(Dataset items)
........
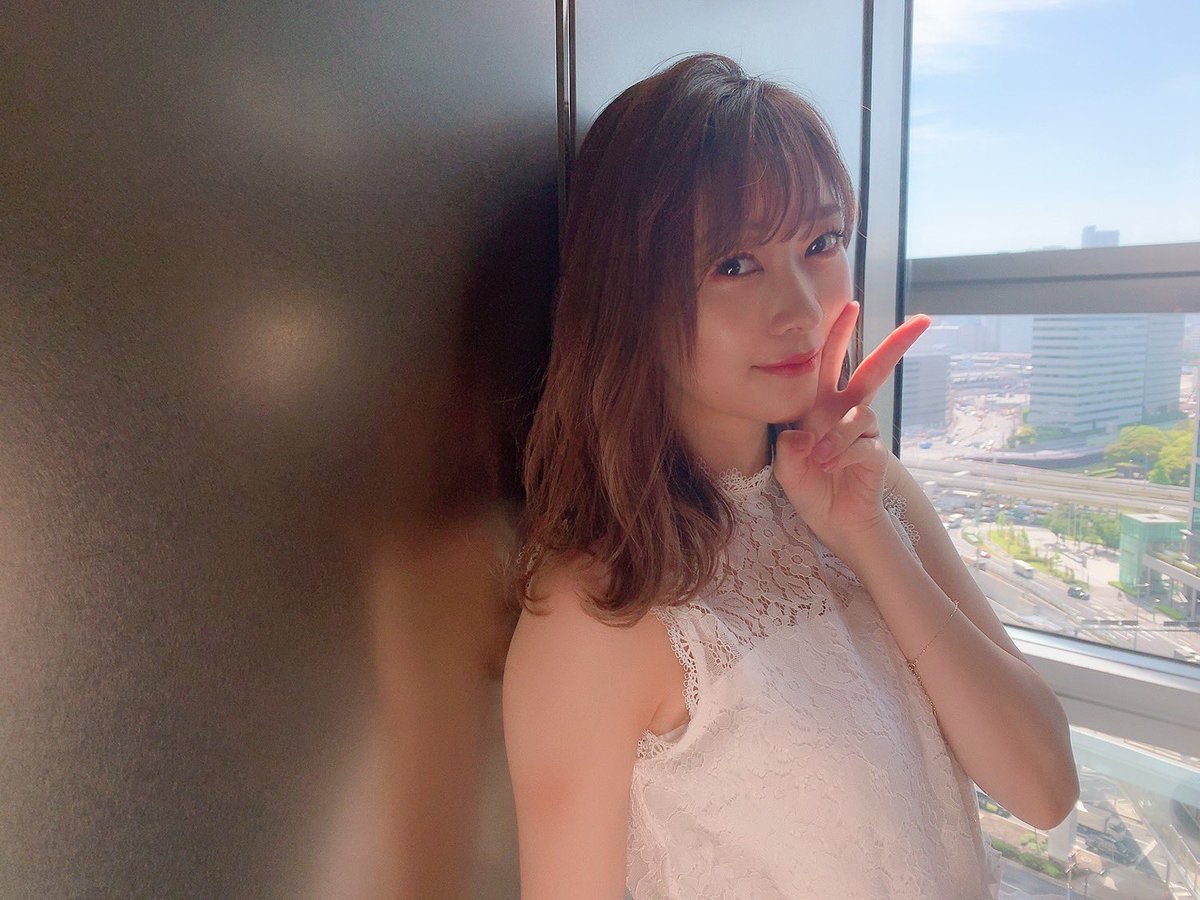 指原 莉乃 基本的にエグイくらい日焼け対策してるわたしなんですが 唇にはshiseidoのuvリップ 目はトパーズがuvカットなのでそれをつけです この日はデートトパーズ 目から入る紫外線も対策したほうがいいみたいです Uvカットのメガネやコンタクト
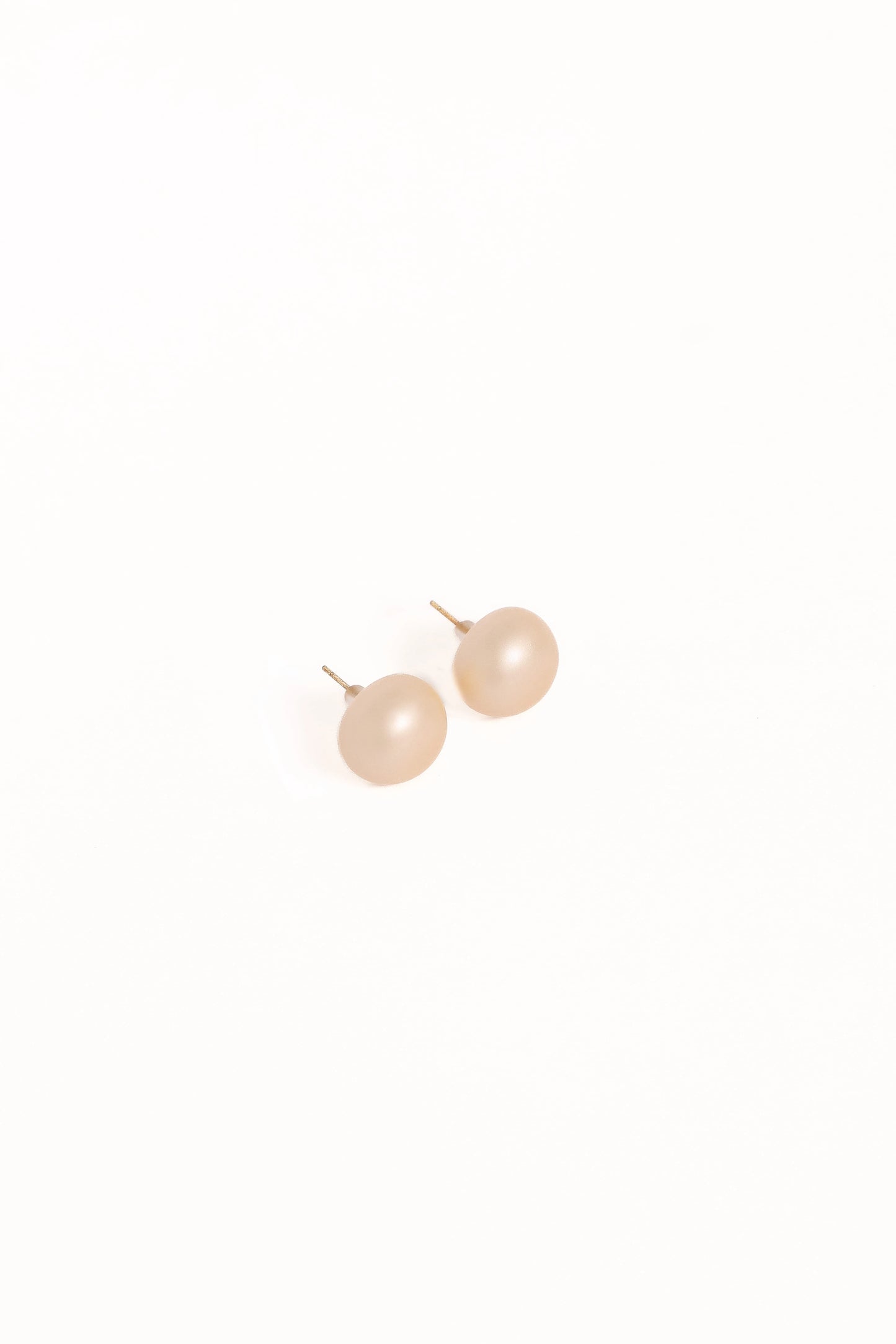 Adalee Stud Earrings - Pearl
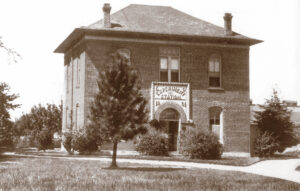 Historic photo of the EOARC-Union experiment station's main building.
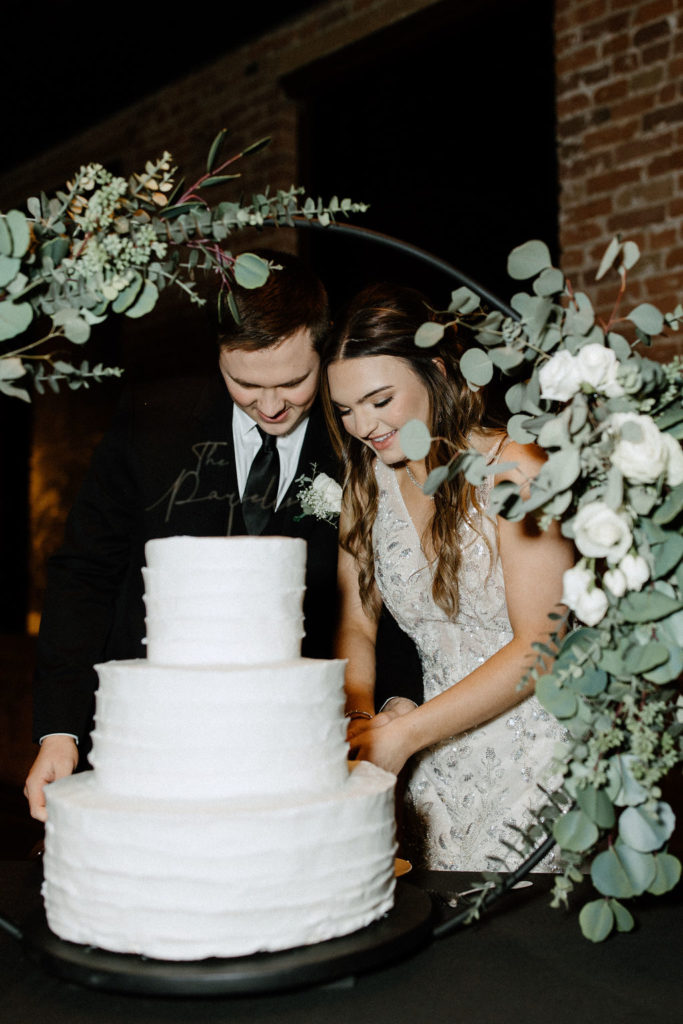 Wedding cake cutting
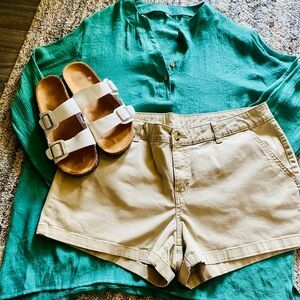 a.n.a Women's Med-Waist 3.5 Inseam Tan Shorts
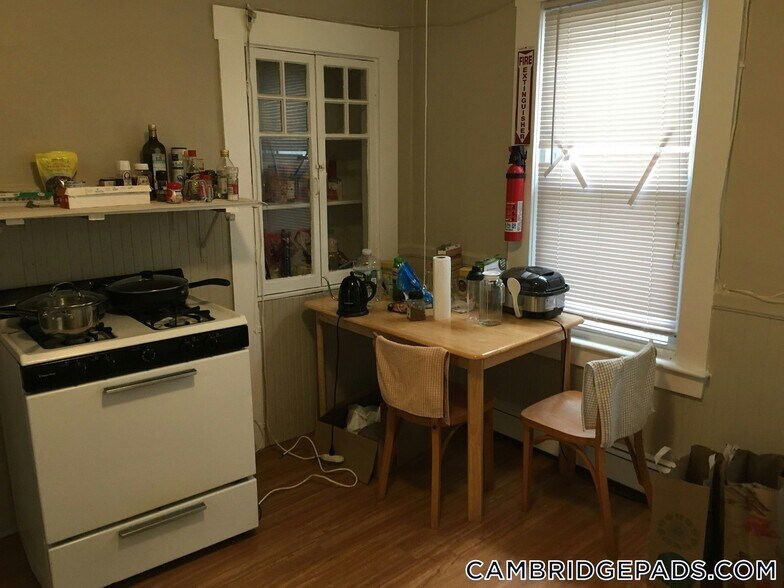 Building Photo - 357 Windsor St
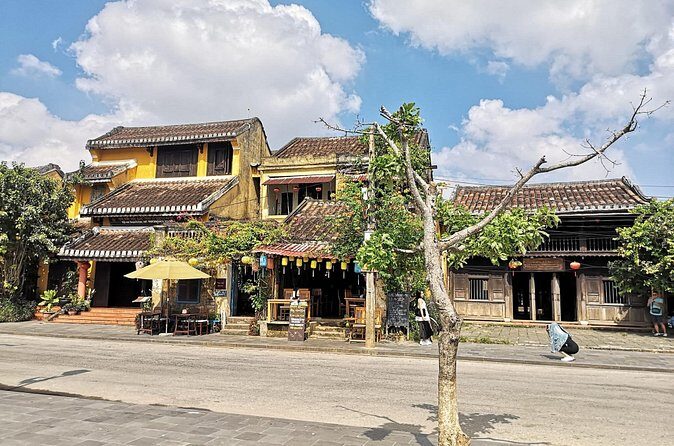 Private Car From Hue To Hoi An Old Town - The Sum Up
........
- _PROBLEM_:
Leaving the pictures out, copy exactly the lines from the line that contains "Wedding cake cutting" to the last line of the data, both ends included.

- _SOLUTION TO THIS TASK_:
 Wedding cake cutting
 a.n.a Women's Med-Waist 3.5 Inseam Tan Shorts
 Building Photo - 357 Windsor St
 Private Car From Hue To Hoi An Old Town - The Sum Up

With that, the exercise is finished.